Jak podkreśla Monika Rapacewicz, rzecznik urzędu miejskiego w Słupsku, samorząd otrzymał zgodę na wycięcie drzew z Urzędu Marszałkowskiego Województwa Pomorskiego.
– Z własnych obserwacji, ale też sygnałów od mieszkańców dotyczących bezpieczeństwa na tej ulicy, wjazdu i wyjazdu w kierunku tego obiektu handlowego, widzieliśmy, że jest niebezpiecznie. Na tym odcinku zdarzały się wypadki i kolizje z uwagi na ograniczoną widoczność dla kierowców. Stąd też podjęto takie działania i zwrócono się do marszałka województwa o zgodę na usunięcie tych drzew – powiedziała Monika Rapacewicz.

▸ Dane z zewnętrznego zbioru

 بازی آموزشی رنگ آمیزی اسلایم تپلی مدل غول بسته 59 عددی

CZY WYCIĘCIE DRZEW BYŁO KONIECZNE?
Mieszkańcy ulicy mają wątpliwości, czy wycięcie drzew było konieczne.
– Szkoda tych zdrowych drzew. Może wystarczyło zainstalować lustro albo zmienić tu organizację ruchu. Te drzewa miały po kilkadziesiąt lat. Tak, zdarzały się tu kolizje, bo kierowcy wymuszali pierwszeństwo przejazdu. Jak ktoś wyjeżdża ostrożnie, to wszystko widać – mówi jeden ze słupszczan.